Recent times have seen banks hedging their bets or even fully integrating cryptocurrencies. The acquisition and filing of patents is how large organizations truly express their interest in a given field, and Bank of America continues to lead the way, now having secured its latest patent in the blockchain and crypto space, one for “tamper-responsive” remote storage of private keys.
Digital Safe Deposit Box?
According to the patent filing, which was finalized and entered into the record this week but initially filed two years ago, the problem with existing storage methods for private crypto keys is “such devices do not provide for real-time response to such breaches, such that misappropriation of private cryptography keys is prevented.” The patent notes that the vast majority of private keys are stored in regular consumer-grade devices and “susceptible to being misappropriated by an entity that desires to usurp a user’s identity.”
In essence, Bank of America wants to serve as a bank for private keys — a digital safe deposit box, of sorts, with the requisite insurance and backing of a major banking corporation. Such a product is certain to find a gracious market in quick order, and that they have a patent on the idea means they might for an extended period be the only game in town — if they commercialize it.
Novel Tampering Detection
The last bit is the novelty of the device or system, whatever form it takes. Bank of America wants to offer clients the ability to know in real-time when their private keys are being tampered with and to have some method to deal with such events. This invention can serve all types of clients, but one imagines exchanges and other larger clientele who are most frequently the target of hack attempts being the biggest beneficiaries.
The patent describes a system of redundant keys in which the system automatically responds to tamper attempts by deleting the key from the potentially compromised device.
“In specific embodiments of the system, the storage device further includes one or more sensors in communication with the first processor.

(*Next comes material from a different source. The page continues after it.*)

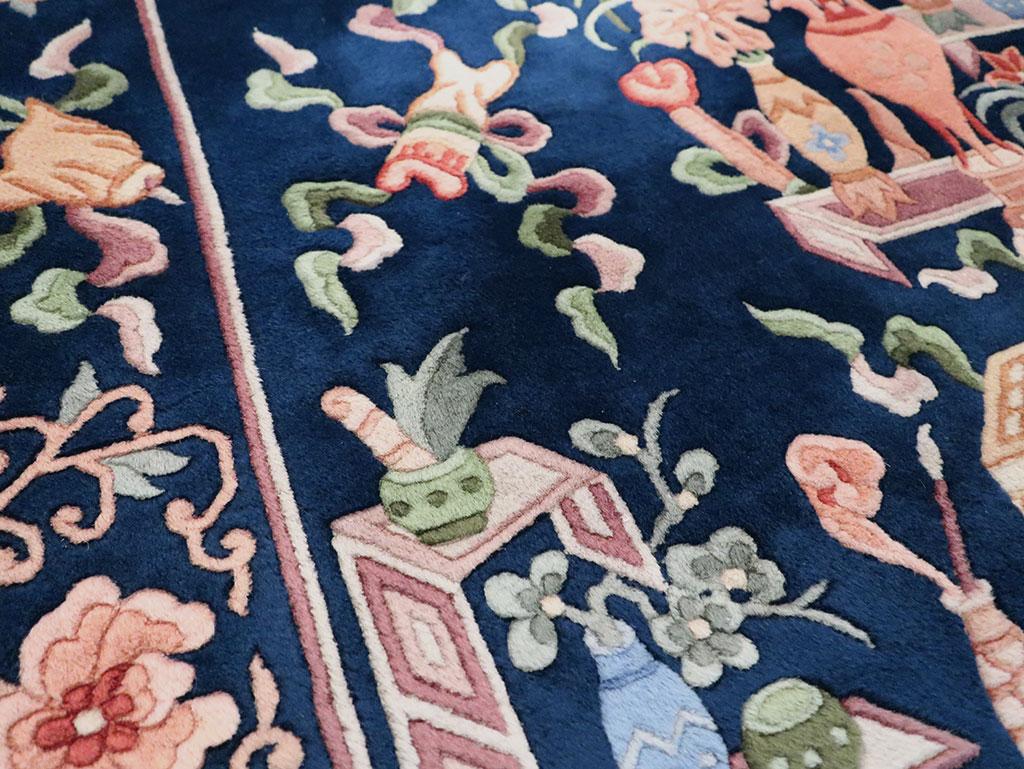 Mitte des 20. Jahrhunderts handgefertigter chinesischer quadratischer Akzentteppich (Art déco) im Angebot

In such embodiments of the system, the first processor is further configured to, in response to receiving the tamper-related signals from the one or more sensors, delete the one or more private cryptography keys from the first memory.”
It can also perform this function if physical tampering is detected, say a device is stolen:
“In other specific related embodiments of the system, the one or more sensors further comprise at least one of a shock sensor, an acceleration sensor and a temperature sensor, In such embodiments of the system, the first processor is further configured to, in response to receiving the tamper-related signals from at least one of the shock sensor, the acceleration sensor and the temperature sensor, delete the one or more private cryptography keys from the first memory.”
A third such instance where it might ghost a protected key off the client device is when a virus or malevolent code is detected:
“In other specific embodiments of the system, the first processor is further configured to receive the tamper-related signal, from the computing node. In such embodiments of the system, the tamper-related signal indicates that a user has exceeded a predetermined number of attempts of inputting user authentication credentials to the authentication routine.”
According to the patent, users will be required to configure what tamper signals are and how they are processed.
Time will tell what, if any, form this patent will take as a product. Secure storage of private keys remains an important topic in cryptocurrency, especially as the community grows and the number of bad actors increases.